4 Penyebab utama terjadinya erosi adalah penggunaan lahan yang kurang sesuai dengan fungsinya serta tingkat kepekaan tanahnya yang sangat peka terhadap erosi. Alih fungsi hutan menjadi penggunaan lain dalam suatu kawasan berarti menurunkan fungsi hidrologis DAS mengakibatkan meningkatnya erosi dan sedimentasi sehingga simpanan air menurun (Masnang, 2014). Kegiatan pengelolaan lahan yang tidak memperhatikan sistem konservasi dapat mengakibatkan peningkatan perubahan tutupan lahan yang mendorong terjadinya erosi berlebihan (Febrianingrum, 2010). Erosi sangat menentukan berhasil tidaknya suatu pengelolaan lahan. Oleh karena itu, erosi merupakan faktor yang harus dipertimbangkan dalam perencanaan penggunaan lahan dan pengelolaanya (Vadari, 2000). Estimasi erosi pada penelitian ini menggunakan metode erosion bridge. Menurut USDA (1983), metode erosion bridge ini memiliki kelebihan yaitu mudah digunakan di lapangan karena mudah dibawa secara mobile.
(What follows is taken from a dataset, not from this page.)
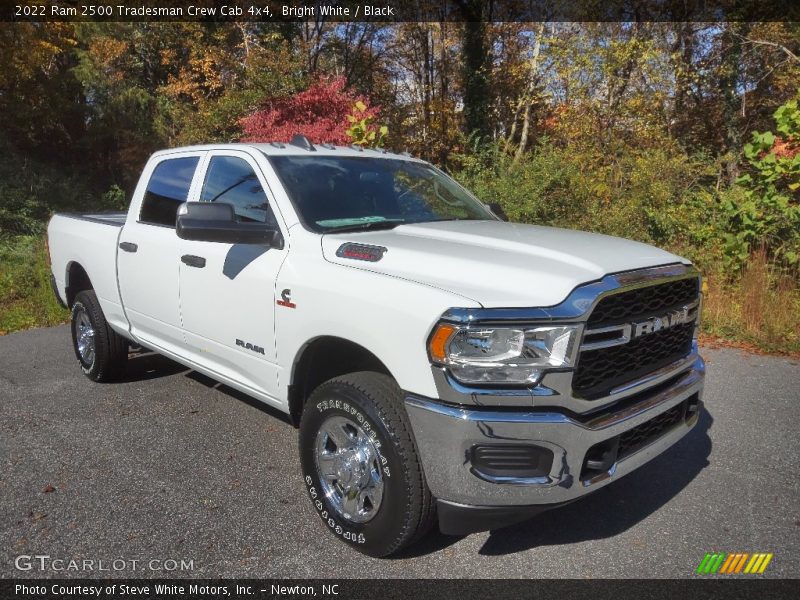 Bright White / Black 2022 Ram 2500 Tradesman Crew Cab 4x4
Informasi yang dihasilkan dapat digunakan untuk mengevaluasi hubungan penyebab dan efeknya antar penggunaan lahan dan erosi, juga efek erosi terhadap produktivitas vegetasi dan hasil sedimen. Berdasarkan metode erosion bridge dapat juga menentukan kehilangan tanah atau penimbunan yang terjadi setelah adanya penggunaan lahan dengan mengukur tingginya permukaan tanah sebanyak dua kali ataupun lebih.
5 1.2. Rumusan Masalah Sub DAS Watugede telah mengalami pergantian warna menjadi lebih keruh saat hujan yang menandakan telah terjadinya erosi tanah sehingga mengakibatkan sedimentasi. Keadaan ini disebabkan oleh sub DAS Watugede yang memiliki topografi yang sebagian besar curam dan penggunaan lahan didominasi sawah dan tegalan sehingga berpotensi terjadinya erosi apabila tidak ada teknik konservasi di lahan tersebut. Erosi yang terjadi di Sub DAS Watugede merugikan karena dapat menurunkan produktivitas lahan serta mengakibatkan bencana longsor ataupun banjir. Sehingga perlu dilakukan penelitian mengenai estimasi erosi pada penggunaan lahan sawah dan tegalan di Sub DAS Watugede. 1.3. Tujuan 1. Mengetahui nilai erosi menggunakan metode erosion bridge pada penggunaan lahan sawah dan tegalan. 2. Mengetahui perbedaan erosi pada penggunaan lahan sawah dan tegalan. 1.4. Manfaat Hasil penelitian diharapkan dapat memberikan data dan informasi mengenai estimasi erosi pada dua penggunaan lahan yaitu sawah dan tegalan di Sub DAS Watugede, serta dapat digunakan sebagai bahan pertimbangan bagi pengelolaan Sub DAS Watugede, juga penelitian-penelitian lebih lanjut.